First task is to figure out where Helm installed Tiller. By default Helm installs Tiller into kube-system. This can be verified by using kubectl get pods --namespace=kube-system |grep tiller. Sure enough 1/1 pods are active ready. Probably not ideal to install Tiller to kube-system for an actual production system but that is a different bridge I’ve already looked at.

Alright, so Tiller is installed, I am going to assume it is done properly. With Helm you need the --debug option not the --verbose to get additional details.
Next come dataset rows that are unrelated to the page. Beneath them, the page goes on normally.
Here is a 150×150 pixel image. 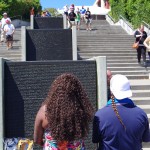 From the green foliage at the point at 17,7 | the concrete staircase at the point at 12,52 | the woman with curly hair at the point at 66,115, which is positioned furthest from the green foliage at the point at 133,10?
the woman with curly hair at the point at 66,115

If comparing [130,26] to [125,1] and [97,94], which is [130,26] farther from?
[97,94]

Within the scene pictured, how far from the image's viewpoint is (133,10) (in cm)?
2862

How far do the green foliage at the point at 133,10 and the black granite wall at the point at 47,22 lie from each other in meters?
7.79

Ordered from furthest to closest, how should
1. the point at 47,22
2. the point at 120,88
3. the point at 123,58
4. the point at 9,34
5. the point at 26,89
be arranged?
the point at 9,34, the point at 47,22, the point at 123,58, the point at 26,89, the point at 120,88

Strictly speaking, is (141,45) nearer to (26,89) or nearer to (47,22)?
(47,22)

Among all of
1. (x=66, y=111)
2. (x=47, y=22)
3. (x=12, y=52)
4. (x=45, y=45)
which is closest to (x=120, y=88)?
(x=66, y=111)

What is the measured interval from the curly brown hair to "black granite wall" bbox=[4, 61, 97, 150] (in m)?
1.60

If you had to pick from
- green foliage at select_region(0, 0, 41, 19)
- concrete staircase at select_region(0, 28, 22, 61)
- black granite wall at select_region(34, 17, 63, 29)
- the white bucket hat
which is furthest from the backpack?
green foliage at select_region(0, 0, 41, 19)

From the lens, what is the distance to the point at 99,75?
5.55 meters

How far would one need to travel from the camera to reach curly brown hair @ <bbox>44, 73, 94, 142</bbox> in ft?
12.4

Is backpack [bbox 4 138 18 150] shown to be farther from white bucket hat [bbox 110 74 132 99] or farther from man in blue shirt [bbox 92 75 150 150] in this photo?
white bucket hat [bbox 110 74 132 99]

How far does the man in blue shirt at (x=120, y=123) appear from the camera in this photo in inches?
151

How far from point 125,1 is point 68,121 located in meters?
28.2

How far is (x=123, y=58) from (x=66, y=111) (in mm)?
12793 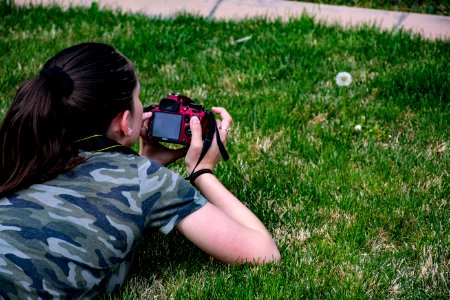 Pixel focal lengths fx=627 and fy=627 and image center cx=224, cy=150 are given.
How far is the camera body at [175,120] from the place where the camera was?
2.40 m

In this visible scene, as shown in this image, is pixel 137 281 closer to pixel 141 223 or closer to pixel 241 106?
pixel 141 223

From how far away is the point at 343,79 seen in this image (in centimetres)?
396

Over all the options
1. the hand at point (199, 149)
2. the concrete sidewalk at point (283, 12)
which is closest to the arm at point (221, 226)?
the hand at point (199, 149)

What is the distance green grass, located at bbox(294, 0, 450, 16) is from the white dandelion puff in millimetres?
1933

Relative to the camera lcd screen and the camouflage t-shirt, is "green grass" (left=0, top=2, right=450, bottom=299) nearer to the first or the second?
the camouflage t-shirt

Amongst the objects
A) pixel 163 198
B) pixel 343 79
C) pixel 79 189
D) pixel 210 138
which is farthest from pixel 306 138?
pixel 79 189

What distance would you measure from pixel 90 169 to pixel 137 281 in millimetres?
623

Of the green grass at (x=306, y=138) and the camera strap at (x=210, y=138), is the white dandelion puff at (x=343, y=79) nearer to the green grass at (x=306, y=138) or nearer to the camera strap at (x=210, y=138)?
the green grass at (x=306, y=138)

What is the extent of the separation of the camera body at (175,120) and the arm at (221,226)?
1.7 inches

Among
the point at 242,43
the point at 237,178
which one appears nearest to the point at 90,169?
the point at 237,178

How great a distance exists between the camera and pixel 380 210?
286 centimetres

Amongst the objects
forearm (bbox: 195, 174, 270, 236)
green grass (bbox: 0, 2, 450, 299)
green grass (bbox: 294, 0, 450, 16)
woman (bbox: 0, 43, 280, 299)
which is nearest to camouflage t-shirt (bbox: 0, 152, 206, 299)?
woman (bbox: 0, 43, 280, 299)

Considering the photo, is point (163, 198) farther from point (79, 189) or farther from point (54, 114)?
point (54, 114)

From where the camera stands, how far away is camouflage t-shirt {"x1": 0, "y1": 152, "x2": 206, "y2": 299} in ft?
6.32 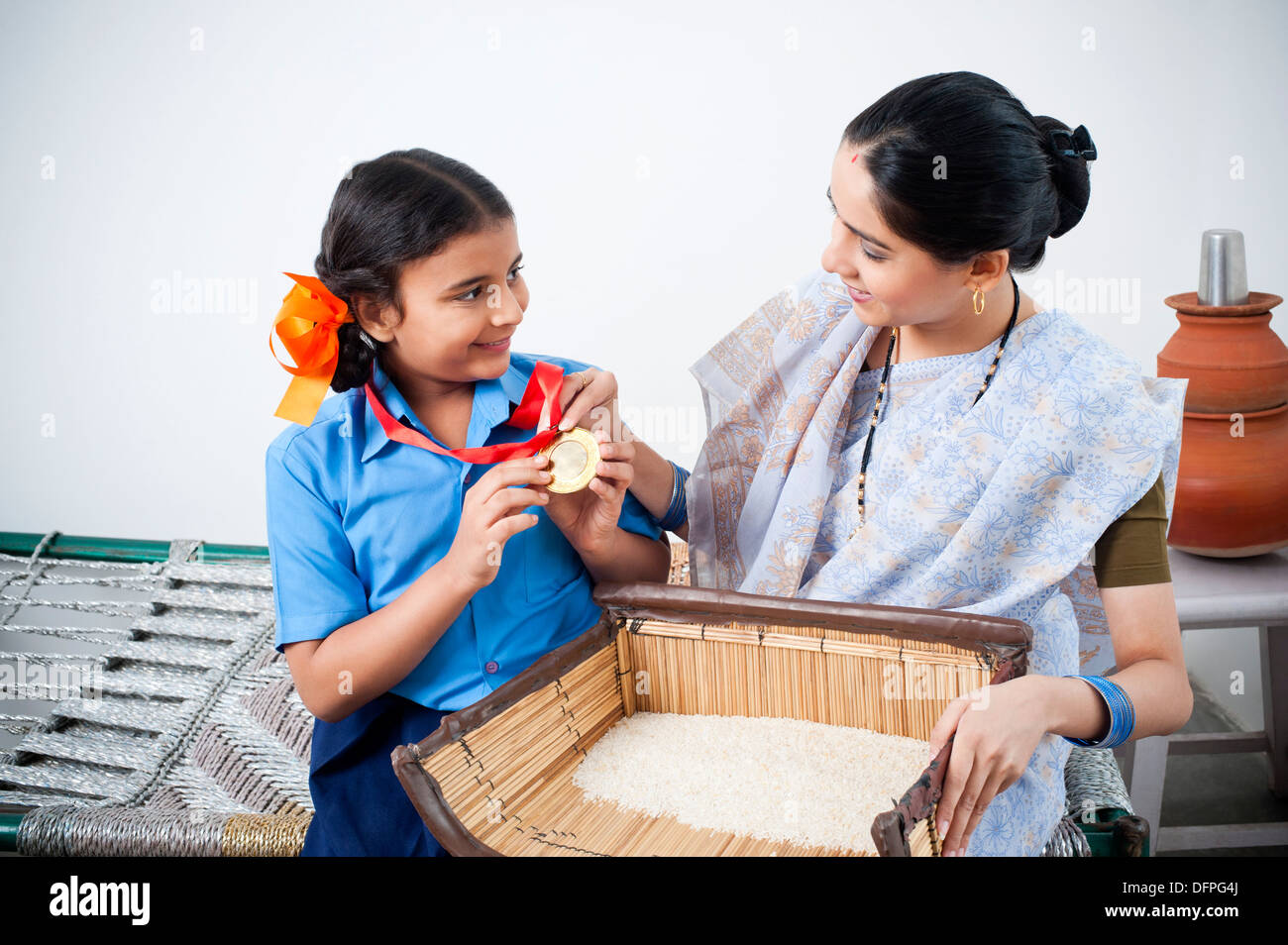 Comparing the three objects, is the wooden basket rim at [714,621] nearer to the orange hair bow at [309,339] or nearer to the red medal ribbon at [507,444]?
the red medal ribbon at [507,444]

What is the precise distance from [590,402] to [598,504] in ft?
0.40

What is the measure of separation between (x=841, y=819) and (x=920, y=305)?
58 centimetres

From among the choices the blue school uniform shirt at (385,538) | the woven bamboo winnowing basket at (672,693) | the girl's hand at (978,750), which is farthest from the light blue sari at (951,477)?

The output I get is:

[debug] Created tunnel using local port: ‘63286’

[debug] SERVER: “127.0.0.1:63286”

[debug] Original chart version: “” [debug] Fetched banzaicloud-stable/vault-operator to /Users/human/.helm/cache/archive/vault-operator-0.2.4.tgz

[debug] CHART PATH: /Users/human/.helm/cache/archive/vault-operator-0.2.4.tgz

Error: no available release name found

A file does exist at /Users/human/.helm/cache/archive/vault-operator-0.2.4.tgz. To list Tiller output I stole kubectl get pods --all-namespaces | grep tiller, using the first column for the namespace and the second column for the container. Within the output I get an access control error. I am guessing that is the root of the problems.

[storage/driver] 2019/02/01 17:51:47 get: failed to get “banking-lamb.v1”: configmaps “banking-lamb.v1” is forbidden: User “system:serviceaccount:kube-system:default” cannot get configmaps in the namespace “kube-system”

Makes sense a GKE cluster out of the box would be more secure than a local Docker for Mac instance. Looks like I glued the tiller on in wrong place.